Already in the three short volumes which Hirato had hoped to publish, but for which he was unable to raise money, we see a growing tendency to break up the language and images, abstracting them into a pulse of pure energy that conveys the meaning rather than simply expressing it. In his “Speck, Fishhook, Crest, Antenna, Hoof,” for example, Hirato demands that the reader

Look, all around
The specks shimmering in blaze
Passing verse,
—Intimidation
—Caution
—Protection
—Induction
All the hues clouding.

SIGNAL!

By the end of that same poem, the poet has turned to the F. T. Marinetti-like language of machine, war, and power:

Listen to the sound of the gun,
Gears, belt
Roaring steamer
Shadows ringing fishhooks while running
Women and their ornamental crests.
Look,
The ferocious beasts
In the city fighting and wiggling in packs.

There is almost a ring of Eliot in the passage.

By the time we reach the later poems collected after Hirato’s death, mostly from magazines of the period, we have already encountered a very Japanese blending of Italian and Russian futurisms:

Excerpt from “Spiral Staircase: Collected Poems” (Screenshot by the author)

“Ensemble,” for example, is a very potent mix of Marinetti’s “words in motion” with the vocalizations of the Russian zaum poets.

Excerpt from “Spiral Staircase: Collected Poems” (Screenshot by the author)

In Hirato’s “Manifesto of the Japanese Futurist Movement,” which he passed out in printed form in various Tokyo parks, we can hear Marinetti’s voice whipped up in the Japanese poet’s own conceits:

We rise within powerful light and heat.
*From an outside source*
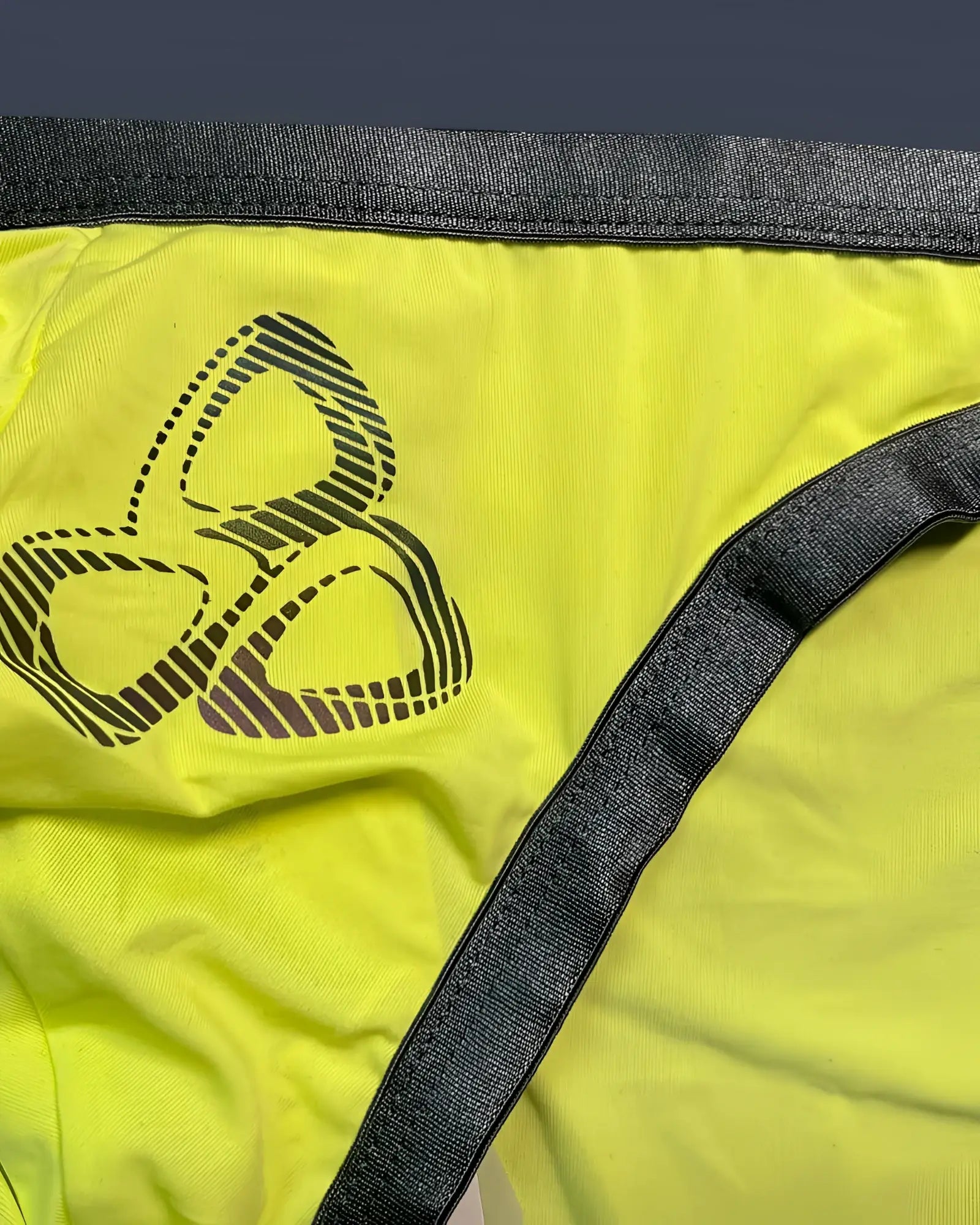 Bright yellow Private Structure BRUT4393 bare bikini briefs with black three-leaf logo and dark gray waistband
We are the
children of powerful light and heat. Our very existence is
powerful light and heat.

Intuition must preplace knowledge; the enemy of Futurist
anti-art is concept. “Time and space have already died, and
we already live in the absolute.” We must quickly take risks,
advance in defiance of danger, and create…….

Most graveyards are already useless. Libraries, museums
and academies do not even amount to the sound of one
automobile skidding on the street. Try sniffing the stench
behind the piled books; the superior freshness of gasoline
is manifold.

Scholar Eric Selland’s afterword summary nicely bookends Sho Sugita’s informative introduction. In all, this book is a compelling portrait of Hirato, Japanese Futurism, and their internationalist connections.

Hirato Renkichi’s Spiral Staircase: Collected Poems (2017), edited and translated into English by Sho Sugita, is published by Ugly Duckling Presse and is available from Amazon and other online booksellers.